* Supplied data
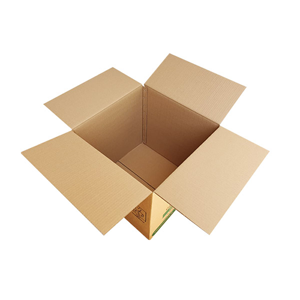 Carton Box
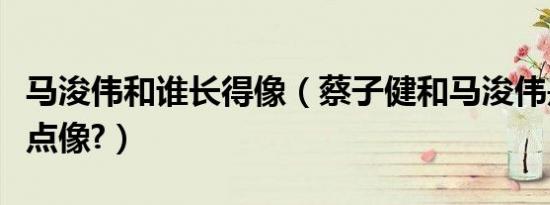 马浚伟和谁长得像（蔡子健和马浚伟是不是有点像?）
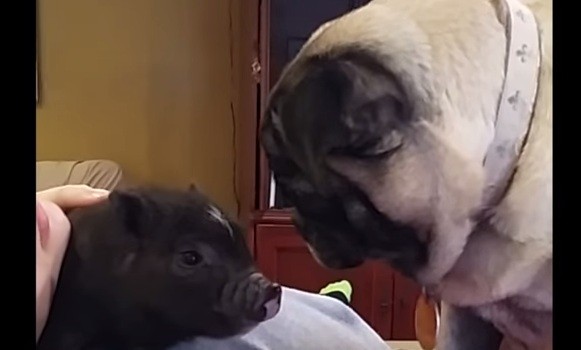 pug and pig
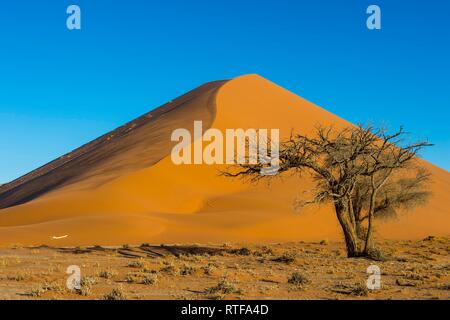 Camelthorn Baum (Acacia Erioloba) vor der riesigen sanddune Düne 45, Namib-Naukluft-Nationalpark, Namibia Stockfoto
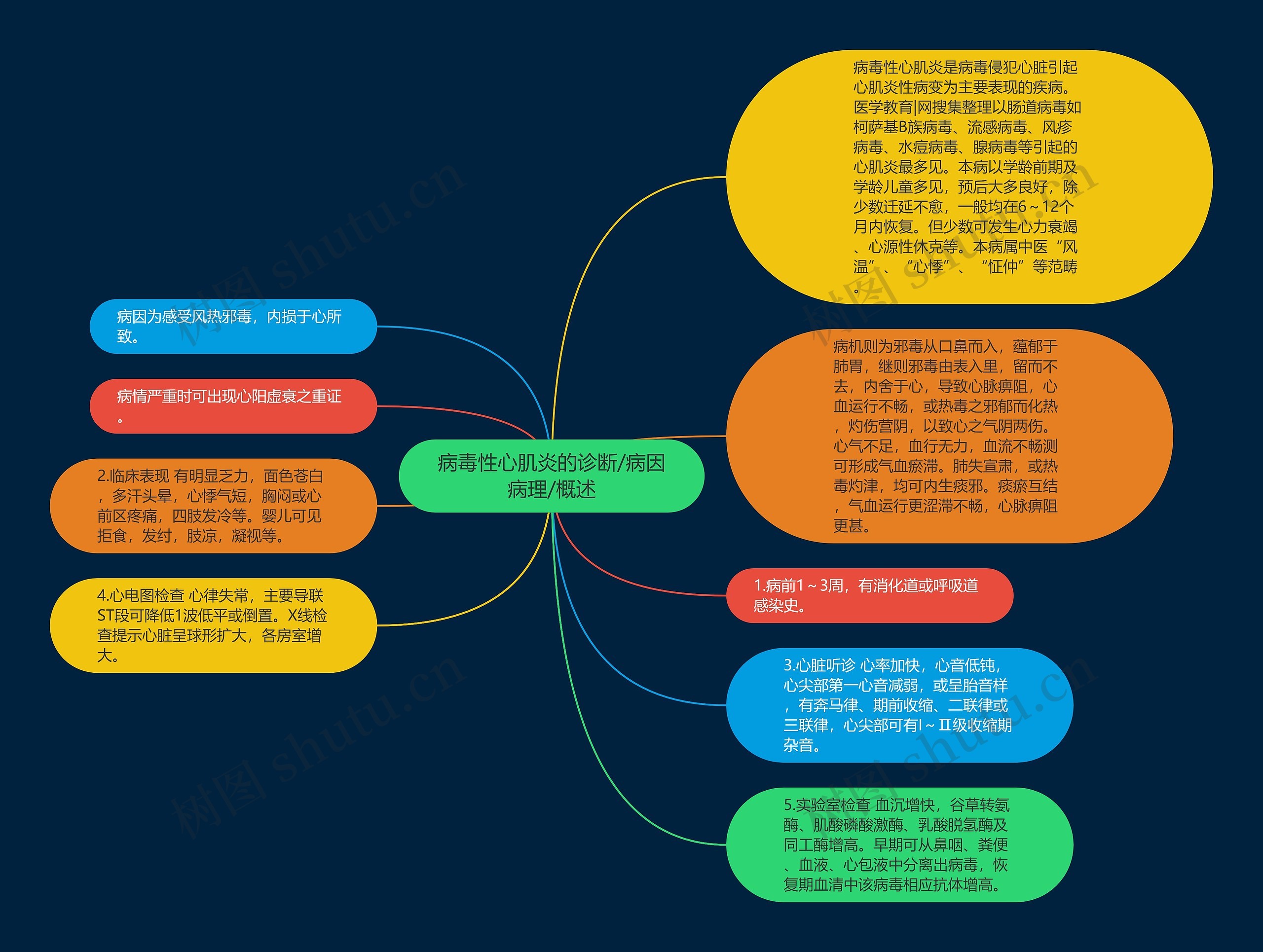 病毒性心肌炎的诊断/病因病理/概述思维导图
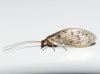 Hemerobiidae Hemerobiidae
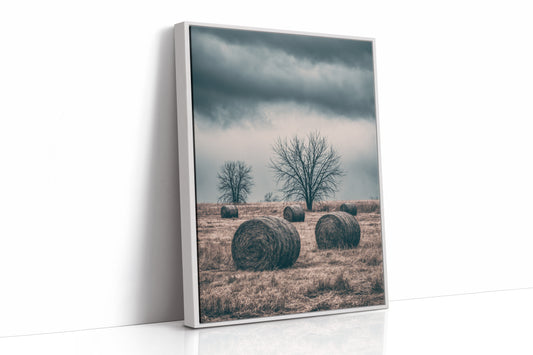 Heavy Sky Over the Hay Field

* What this task involves
In the data above, find the line containing "pug and pig", then output it and every later line exactly, without the pictures.

* Solution for this problem
 pug and pig
 Camelthorn Baum (Acacia Erioloba) vor der riesigen sanddune Düne 45, Namib-Naukluft-Nationalpark, Namibia Stockfoto
 病毒性心肌炎的诊断/病因病理/概述思维导图
 Hemerobiidae Hemerobiidae
 Heavy Sky Over the Hay Field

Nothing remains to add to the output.